Work item:
Reproduce the listing below from the line with "meditation with dog" to the line with "呓语第101集,千言呓语", both lines included, character for character, minus any pictures.

Material for this exercise:
********************

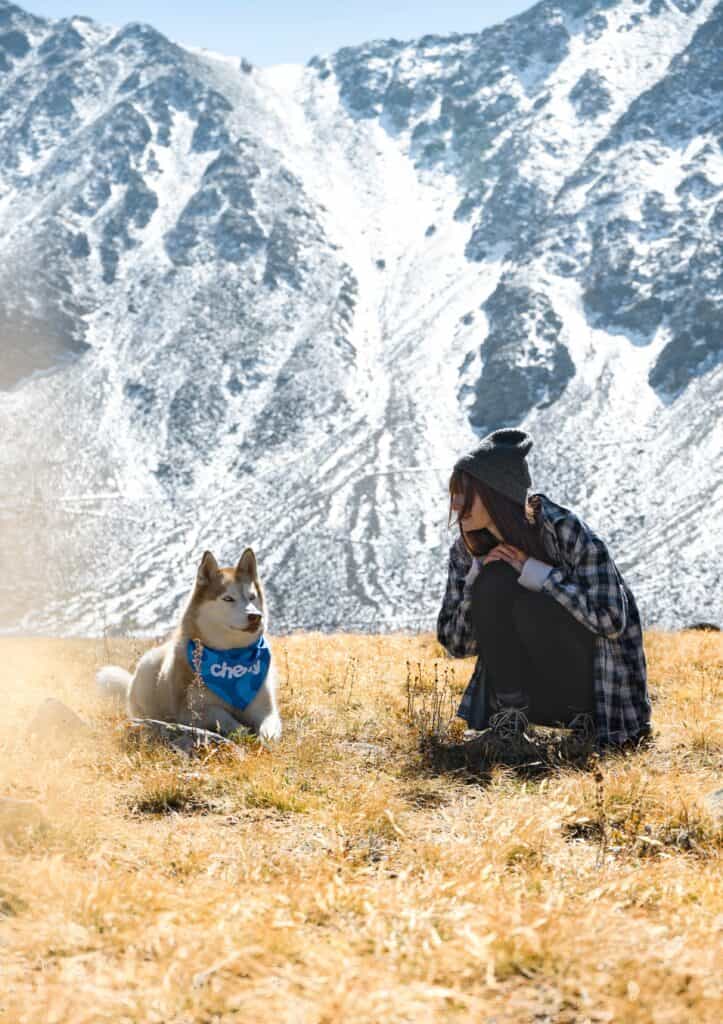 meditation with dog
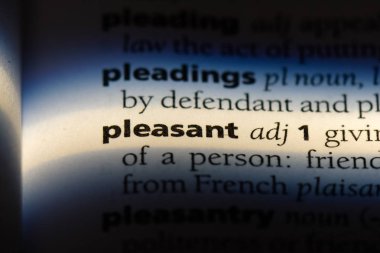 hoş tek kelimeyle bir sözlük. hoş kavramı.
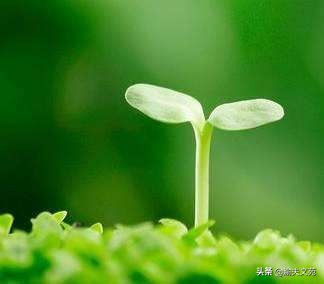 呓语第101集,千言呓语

********************

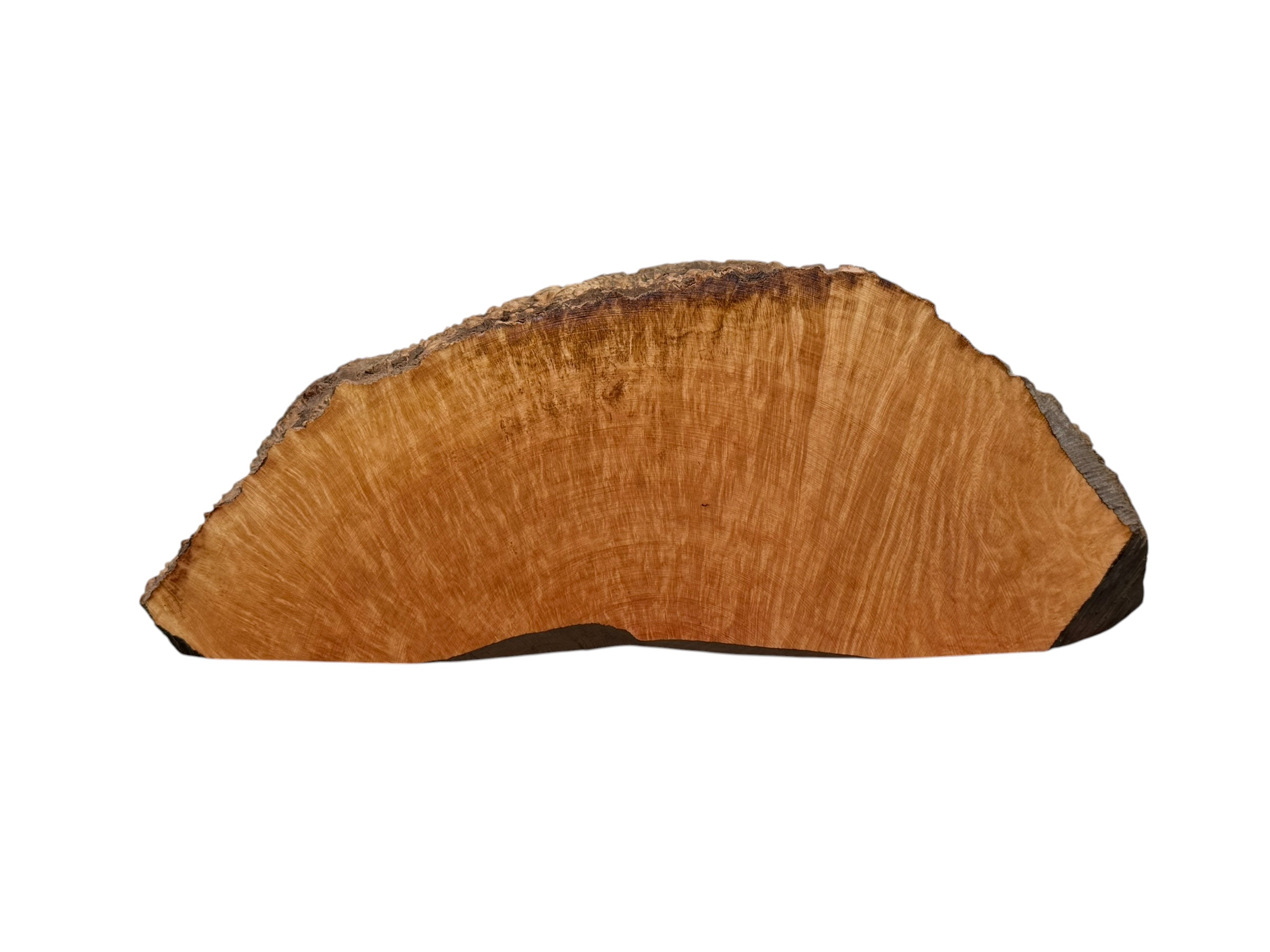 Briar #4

********************

Response to this task:
 meditation with dog
 hoş tek kelimeyle bir sözlük. hoş kavramı.
 呓语第101集,千言呓语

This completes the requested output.